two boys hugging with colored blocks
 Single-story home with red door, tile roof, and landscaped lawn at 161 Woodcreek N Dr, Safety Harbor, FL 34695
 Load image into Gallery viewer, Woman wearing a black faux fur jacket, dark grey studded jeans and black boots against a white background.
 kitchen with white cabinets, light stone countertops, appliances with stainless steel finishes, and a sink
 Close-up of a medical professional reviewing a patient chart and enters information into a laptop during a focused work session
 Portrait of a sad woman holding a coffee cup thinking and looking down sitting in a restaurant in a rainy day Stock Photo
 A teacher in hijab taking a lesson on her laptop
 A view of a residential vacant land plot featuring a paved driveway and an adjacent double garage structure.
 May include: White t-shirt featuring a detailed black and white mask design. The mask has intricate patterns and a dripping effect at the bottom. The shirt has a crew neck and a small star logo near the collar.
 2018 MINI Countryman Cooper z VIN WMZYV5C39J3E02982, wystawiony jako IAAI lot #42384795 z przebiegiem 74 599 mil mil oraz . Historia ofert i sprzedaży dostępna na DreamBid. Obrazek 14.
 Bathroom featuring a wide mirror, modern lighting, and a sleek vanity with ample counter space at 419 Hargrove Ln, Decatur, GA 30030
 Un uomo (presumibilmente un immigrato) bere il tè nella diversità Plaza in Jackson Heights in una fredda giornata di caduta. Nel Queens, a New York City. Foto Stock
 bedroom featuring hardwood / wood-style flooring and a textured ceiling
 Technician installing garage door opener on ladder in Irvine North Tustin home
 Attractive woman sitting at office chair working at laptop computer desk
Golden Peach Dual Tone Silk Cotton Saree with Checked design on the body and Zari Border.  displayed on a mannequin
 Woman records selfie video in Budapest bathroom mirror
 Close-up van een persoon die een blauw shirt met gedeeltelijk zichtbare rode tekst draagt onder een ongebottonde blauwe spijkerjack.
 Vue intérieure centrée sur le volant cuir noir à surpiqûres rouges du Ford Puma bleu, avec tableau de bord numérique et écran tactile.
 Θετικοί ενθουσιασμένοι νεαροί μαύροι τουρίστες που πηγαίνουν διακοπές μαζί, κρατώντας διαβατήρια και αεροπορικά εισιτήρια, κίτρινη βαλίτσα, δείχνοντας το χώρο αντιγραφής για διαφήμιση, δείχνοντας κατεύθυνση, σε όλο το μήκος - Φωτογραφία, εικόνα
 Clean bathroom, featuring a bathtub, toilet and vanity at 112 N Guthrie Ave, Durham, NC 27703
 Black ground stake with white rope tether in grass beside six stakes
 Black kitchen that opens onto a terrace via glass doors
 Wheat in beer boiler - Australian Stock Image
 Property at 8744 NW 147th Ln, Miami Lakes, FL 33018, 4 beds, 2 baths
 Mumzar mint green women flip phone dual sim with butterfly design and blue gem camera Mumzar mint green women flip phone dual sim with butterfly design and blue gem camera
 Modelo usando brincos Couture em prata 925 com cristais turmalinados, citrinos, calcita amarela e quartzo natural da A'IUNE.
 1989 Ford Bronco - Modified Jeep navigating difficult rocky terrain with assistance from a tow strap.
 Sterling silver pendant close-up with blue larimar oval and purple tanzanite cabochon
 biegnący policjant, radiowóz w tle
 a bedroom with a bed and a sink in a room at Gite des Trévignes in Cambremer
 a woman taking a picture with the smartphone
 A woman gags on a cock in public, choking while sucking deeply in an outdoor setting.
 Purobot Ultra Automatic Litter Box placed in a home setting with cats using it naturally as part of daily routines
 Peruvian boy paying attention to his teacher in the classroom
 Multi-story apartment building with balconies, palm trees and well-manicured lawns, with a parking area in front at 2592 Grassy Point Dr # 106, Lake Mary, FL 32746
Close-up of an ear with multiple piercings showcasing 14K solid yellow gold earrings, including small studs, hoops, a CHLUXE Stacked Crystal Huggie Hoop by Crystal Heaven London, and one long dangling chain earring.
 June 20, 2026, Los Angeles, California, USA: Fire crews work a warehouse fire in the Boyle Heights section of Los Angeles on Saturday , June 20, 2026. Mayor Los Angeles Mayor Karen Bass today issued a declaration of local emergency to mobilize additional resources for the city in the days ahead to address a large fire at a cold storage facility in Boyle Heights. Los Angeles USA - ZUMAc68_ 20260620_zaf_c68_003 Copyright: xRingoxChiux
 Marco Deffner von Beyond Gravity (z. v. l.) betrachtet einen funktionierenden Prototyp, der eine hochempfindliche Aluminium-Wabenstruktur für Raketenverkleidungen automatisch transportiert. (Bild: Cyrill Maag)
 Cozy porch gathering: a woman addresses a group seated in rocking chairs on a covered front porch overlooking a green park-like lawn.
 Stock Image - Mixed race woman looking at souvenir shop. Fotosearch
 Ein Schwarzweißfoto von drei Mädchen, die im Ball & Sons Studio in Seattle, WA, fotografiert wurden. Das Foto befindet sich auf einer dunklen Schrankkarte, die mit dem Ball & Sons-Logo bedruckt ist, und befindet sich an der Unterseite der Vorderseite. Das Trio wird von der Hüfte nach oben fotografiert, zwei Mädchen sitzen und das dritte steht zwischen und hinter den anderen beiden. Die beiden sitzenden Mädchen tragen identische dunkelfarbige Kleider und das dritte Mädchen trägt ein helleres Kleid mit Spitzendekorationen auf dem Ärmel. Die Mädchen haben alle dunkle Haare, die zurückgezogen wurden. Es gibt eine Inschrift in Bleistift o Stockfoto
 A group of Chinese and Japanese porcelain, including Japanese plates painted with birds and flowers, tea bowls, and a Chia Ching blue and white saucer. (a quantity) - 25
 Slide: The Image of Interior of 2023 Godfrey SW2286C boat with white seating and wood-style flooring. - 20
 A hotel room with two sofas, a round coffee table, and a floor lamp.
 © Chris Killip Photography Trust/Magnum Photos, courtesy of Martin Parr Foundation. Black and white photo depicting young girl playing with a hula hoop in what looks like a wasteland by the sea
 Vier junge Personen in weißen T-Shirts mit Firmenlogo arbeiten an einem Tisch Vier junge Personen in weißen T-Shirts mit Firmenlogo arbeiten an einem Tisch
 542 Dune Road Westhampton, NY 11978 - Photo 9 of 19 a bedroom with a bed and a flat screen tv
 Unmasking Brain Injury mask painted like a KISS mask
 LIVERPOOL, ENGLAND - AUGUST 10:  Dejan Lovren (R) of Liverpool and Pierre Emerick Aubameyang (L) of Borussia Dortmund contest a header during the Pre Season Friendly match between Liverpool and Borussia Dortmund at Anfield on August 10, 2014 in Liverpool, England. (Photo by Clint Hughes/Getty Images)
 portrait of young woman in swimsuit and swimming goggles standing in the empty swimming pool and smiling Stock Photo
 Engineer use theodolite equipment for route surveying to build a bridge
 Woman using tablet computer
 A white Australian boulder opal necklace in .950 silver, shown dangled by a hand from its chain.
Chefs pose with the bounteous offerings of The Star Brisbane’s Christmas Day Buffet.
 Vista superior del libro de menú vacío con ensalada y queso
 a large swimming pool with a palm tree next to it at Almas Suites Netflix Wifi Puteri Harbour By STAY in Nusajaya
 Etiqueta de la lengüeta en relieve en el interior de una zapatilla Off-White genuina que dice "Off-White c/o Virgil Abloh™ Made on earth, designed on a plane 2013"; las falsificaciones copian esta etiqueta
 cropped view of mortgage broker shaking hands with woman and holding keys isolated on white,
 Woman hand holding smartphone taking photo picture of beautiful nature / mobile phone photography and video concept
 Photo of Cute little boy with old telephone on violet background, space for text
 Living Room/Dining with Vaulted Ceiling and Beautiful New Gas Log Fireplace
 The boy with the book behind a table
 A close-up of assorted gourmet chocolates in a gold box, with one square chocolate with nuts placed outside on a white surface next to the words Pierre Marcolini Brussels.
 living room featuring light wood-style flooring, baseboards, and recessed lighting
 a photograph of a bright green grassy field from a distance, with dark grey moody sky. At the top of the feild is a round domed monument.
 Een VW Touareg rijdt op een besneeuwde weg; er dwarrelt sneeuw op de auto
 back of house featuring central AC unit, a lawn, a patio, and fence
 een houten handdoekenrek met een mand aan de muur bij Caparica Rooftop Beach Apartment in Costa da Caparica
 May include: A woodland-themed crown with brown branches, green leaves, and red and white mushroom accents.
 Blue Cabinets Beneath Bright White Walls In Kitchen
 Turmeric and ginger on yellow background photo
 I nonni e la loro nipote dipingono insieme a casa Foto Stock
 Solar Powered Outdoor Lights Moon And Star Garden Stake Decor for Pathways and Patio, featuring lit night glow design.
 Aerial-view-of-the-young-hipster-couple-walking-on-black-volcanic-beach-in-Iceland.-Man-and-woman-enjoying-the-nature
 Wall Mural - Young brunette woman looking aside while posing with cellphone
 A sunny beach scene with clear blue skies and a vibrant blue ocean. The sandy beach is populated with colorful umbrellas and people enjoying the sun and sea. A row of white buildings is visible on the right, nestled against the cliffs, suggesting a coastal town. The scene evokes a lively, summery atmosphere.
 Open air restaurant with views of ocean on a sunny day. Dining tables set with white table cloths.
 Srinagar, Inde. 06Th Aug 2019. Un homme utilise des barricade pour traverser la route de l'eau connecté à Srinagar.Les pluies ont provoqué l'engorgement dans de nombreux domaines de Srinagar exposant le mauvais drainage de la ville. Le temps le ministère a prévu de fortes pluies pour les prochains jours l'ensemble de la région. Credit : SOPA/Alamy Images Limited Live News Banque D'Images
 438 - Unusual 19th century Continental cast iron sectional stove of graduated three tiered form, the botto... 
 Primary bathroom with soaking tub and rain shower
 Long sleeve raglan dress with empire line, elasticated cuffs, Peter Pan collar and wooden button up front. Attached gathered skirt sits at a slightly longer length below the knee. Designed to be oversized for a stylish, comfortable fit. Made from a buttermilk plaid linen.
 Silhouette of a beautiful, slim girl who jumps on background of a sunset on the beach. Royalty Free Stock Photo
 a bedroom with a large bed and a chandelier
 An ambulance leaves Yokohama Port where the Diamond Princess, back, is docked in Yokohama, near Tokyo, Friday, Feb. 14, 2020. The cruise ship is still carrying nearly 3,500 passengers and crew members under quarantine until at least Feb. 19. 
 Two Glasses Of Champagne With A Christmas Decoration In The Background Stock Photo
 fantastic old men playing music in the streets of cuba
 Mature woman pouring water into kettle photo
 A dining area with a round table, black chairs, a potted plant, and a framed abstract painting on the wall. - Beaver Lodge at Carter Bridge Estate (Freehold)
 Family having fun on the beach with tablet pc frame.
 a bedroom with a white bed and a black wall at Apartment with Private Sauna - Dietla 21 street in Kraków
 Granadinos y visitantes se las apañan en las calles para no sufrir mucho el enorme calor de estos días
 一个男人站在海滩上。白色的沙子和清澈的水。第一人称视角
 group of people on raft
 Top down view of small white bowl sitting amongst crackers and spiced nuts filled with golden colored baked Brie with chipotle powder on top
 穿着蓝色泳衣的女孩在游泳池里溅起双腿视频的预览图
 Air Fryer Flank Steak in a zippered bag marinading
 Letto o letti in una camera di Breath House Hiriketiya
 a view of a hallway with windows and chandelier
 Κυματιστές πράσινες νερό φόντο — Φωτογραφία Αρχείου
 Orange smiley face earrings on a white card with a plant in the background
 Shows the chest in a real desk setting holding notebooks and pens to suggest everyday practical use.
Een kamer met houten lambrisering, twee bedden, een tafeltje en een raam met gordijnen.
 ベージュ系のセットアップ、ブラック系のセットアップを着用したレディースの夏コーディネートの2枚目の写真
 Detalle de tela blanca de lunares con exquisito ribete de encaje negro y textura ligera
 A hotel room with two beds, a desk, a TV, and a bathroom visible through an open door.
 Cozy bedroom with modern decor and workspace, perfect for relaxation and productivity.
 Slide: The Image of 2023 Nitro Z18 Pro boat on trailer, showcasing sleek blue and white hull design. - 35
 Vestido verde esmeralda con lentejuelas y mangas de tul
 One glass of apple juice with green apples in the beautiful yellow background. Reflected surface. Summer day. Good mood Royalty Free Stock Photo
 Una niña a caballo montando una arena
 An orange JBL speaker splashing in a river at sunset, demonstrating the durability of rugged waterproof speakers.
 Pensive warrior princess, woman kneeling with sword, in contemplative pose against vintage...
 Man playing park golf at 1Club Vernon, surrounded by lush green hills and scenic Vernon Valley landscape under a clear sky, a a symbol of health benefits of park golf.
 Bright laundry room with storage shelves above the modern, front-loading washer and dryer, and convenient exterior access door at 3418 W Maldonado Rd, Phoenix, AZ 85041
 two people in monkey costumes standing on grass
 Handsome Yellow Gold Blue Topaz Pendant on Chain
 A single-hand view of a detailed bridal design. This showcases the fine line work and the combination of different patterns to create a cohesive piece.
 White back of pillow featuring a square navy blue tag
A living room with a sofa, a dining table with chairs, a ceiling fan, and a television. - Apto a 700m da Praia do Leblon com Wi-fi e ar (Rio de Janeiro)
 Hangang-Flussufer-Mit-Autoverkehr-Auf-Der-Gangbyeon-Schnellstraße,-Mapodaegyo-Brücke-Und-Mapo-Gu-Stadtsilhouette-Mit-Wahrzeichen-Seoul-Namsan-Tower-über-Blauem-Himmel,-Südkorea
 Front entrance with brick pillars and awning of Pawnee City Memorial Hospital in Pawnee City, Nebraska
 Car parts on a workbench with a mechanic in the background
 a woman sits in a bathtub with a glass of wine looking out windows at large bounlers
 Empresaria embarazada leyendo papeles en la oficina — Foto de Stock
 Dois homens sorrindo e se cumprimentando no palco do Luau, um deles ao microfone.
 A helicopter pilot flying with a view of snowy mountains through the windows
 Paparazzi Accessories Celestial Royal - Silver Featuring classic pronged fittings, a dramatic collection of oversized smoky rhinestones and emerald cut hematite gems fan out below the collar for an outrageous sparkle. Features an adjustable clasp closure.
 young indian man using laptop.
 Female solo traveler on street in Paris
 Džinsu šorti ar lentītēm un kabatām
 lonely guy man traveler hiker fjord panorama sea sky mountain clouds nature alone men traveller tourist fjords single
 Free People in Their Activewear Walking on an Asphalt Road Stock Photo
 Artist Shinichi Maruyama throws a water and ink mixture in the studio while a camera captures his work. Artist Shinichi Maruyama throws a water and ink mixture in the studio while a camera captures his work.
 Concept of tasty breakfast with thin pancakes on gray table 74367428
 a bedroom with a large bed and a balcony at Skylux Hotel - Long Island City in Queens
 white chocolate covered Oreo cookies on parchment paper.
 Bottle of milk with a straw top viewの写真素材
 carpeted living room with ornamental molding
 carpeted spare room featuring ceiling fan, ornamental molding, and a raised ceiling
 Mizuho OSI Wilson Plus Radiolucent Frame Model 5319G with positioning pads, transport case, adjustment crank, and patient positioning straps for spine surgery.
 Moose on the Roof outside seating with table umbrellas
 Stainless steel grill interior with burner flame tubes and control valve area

....................

| To do |
Retype only this portion of the data above: the line containing "Car parts on", the line containing "A helicopter pilot", and all lines between them, exactly.

| Response for this exercise |
 Car parts on a workbench with a mechanic in the background
 a woman sits in a bathtub with a glass of wine looking out windows at large bounlers
 Empresaria embarazada leyendo papeles en la oficina — Foto de Stock
 Dois homens sorrindo e se cumprimentando no palco do Luau, um deles ao microfone.
 A helicopter pilot flying with a view of snowy mountains through the windows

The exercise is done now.